▸ Exercise
With the line containing "July Analytics for" as the starting point, output every line of the data below through its final line, character for character.

Data excerpts
◇ ◇ ◇ ◇ ◇ ◇ ◇

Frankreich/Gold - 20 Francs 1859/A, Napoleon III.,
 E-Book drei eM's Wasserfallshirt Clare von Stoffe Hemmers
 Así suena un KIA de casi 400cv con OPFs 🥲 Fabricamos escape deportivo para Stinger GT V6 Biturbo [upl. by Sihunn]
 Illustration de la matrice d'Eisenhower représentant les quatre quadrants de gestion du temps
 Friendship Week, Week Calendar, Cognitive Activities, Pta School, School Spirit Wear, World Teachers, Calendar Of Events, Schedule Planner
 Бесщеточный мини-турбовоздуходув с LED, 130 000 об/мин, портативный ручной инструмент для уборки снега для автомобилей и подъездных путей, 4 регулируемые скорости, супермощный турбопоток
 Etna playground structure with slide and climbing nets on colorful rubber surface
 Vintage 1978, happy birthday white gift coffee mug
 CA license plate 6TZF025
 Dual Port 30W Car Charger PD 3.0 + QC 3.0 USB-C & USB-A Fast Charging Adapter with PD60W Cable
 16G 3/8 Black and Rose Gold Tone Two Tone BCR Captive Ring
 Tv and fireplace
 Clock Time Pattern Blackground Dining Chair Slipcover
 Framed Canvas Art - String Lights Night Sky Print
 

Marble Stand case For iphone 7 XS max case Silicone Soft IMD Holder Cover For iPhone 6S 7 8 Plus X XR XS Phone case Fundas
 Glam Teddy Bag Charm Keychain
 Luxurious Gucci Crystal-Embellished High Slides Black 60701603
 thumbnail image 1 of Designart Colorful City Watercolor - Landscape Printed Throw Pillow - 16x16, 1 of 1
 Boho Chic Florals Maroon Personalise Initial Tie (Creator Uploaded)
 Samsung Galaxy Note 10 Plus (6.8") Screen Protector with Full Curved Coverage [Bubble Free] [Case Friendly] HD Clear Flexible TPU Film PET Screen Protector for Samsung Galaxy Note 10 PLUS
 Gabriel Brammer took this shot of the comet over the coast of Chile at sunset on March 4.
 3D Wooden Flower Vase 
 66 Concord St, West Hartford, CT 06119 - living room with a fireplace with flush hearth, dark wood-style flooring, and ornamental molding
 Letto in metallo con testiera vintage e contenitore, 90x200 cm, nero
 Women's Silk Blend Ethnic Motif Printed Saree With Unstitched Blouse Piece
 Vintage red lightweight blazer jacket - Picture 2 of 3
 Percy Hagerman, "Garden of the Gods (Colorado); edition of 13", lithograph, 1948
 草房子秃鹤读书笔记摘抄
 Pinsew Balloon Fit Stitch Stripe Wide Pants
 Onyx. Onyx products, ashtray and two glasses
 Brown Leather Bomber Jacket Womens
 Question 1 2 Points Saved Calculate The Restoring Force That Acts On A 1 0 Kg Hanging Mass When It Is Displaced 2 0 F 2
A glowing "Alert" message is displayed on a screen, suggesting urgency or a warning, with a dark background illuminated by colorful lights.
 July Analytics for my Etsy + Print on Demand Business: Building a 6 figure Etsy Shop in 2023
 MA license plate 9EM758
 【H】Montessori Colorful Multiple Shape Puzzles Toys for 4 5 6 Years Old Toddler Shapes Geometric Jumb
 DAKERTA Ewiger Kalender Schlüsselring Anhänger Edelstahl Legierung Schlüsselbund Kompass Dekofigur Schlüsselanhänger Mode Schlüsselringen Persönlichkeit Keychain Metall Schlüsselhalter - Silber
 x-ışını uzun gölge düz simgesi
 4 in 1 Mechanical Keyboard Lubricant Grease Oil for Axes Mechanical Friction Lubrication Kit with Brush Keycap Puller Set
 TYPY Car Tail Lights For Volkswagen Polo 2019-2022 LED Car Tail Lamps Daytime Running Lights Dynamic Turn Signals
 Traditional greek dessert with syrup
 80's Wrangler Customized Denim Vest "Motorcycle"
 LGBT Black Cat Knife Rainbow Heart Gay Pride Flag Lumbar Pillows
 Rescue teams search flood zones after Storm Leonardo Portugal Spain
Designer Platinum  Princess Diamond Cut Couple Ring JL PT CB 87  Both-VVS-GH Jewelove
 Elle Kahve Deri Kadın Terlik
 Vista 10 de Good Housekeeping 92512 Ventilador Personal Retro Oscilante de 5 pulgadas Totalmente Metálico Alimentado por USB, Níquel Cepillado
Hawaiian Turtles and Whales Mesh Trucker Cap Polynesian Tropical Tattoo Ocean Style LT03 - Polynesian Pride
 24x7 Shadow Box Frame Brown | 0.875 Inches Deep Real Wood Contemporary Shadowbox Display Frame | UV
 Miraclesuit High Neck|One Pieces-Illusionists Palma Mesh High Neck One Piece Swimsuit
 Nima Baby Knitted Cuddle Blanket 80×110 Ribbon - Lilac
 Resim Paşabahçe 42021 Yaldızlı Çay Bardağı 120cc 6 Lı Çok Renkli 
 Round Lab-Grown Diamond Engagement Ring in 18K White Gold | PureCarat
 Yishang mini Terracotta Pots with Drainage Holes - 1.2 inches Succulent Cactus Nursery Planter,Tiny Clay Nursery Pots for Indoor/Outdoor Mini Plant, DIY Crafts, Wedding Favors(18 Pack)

◇ ◇ ◇ ◇ ◇ ◇ ◇

▸ Task answer
 July Analytics for my Etsy + Print on Demand Business: Building a 6 figure Etsy Shop in 2023
 MA license plate 9EM758
 【H】Montessori Colorful Multiple Shape Puzzles Toys for 4 5 6 Years Old Toddler Shapes Geometric Jumb
 DAKERTA Ewiger Kalender Schlüsselring Anhänger Edelstahl Legierung Schlüsselbund Kompass Dekofigur Schlüsselanhänger Mode Schlüsselringen Persönlichkeit Keychain Metall Schlüsselhalter - Silber
 x-ışını uzun gölge düz simgesi
 4 in 1 Mechanical Keyboard Lubricant Grease Oil for Axes Mechanical Friction Lubrication Kit with Brush Keycap Puller Set
 TYPY Car Tail Lights For Volkswagen Polo 2019-2022 LED Car Tail Lamps Daytime Running Lights Dynamic Turn Signals
 Traditional greek dessert with syrup
 80's Wrangler Customized Denim Vest "Motorcycle"
 LGBT Black Cat Knife Rainbow Heart Gay Pride Flag Lumbar Pillows
 Rescue teams search flood zones after Storm Leonardo Portugal Spain
Designer Platinum  Princess Diamond Cut Couple Ring JL PT CB 87  Both-VVS-GH Jewelove
 Elle Kahve Deri Kadın Terlik
 Vista 10 de Good Housekeeping 92512 Ventilador Personal Retro Oscilante de 5 pulgadas Totalmente Metálico Alimentado por USB, Níquel Cepillado
Hawaiian Turtles and Whales Mesh Trucker Cap Polynesian Tropical Tattoo Ocean Style LT03 - Polynesian Pride
 24x7 Shadow Box Frame Brown | 0.875 Inches Deep Real Wood Contemporary Shadowbox Display Frame | UV
 Miraclesuit High Neck|One Pieces-Illusionists Palma Mesh High Neck One Piece Swimsuit
 Nima Baby Knitted Cuddle Blanket 80×110 Ribbon - Lilac
 Resim Paşabahçe 42021 Yaldızlı Çay Bardağı 120cc 6 Lı Çok Renkli 
 Round Lab-Grown Diamond Engagement Ring in 18K White Gold | PureCarat
 Yishang mini Terracotta Pots with Drainage Holes - 1.2 inches Succulent Cactus Nursery Planter,Tiny Clay Nursery Pots for Indoor/Outdoor Mini Plant, DIY Crafts, Wedding Favors(18 Pack)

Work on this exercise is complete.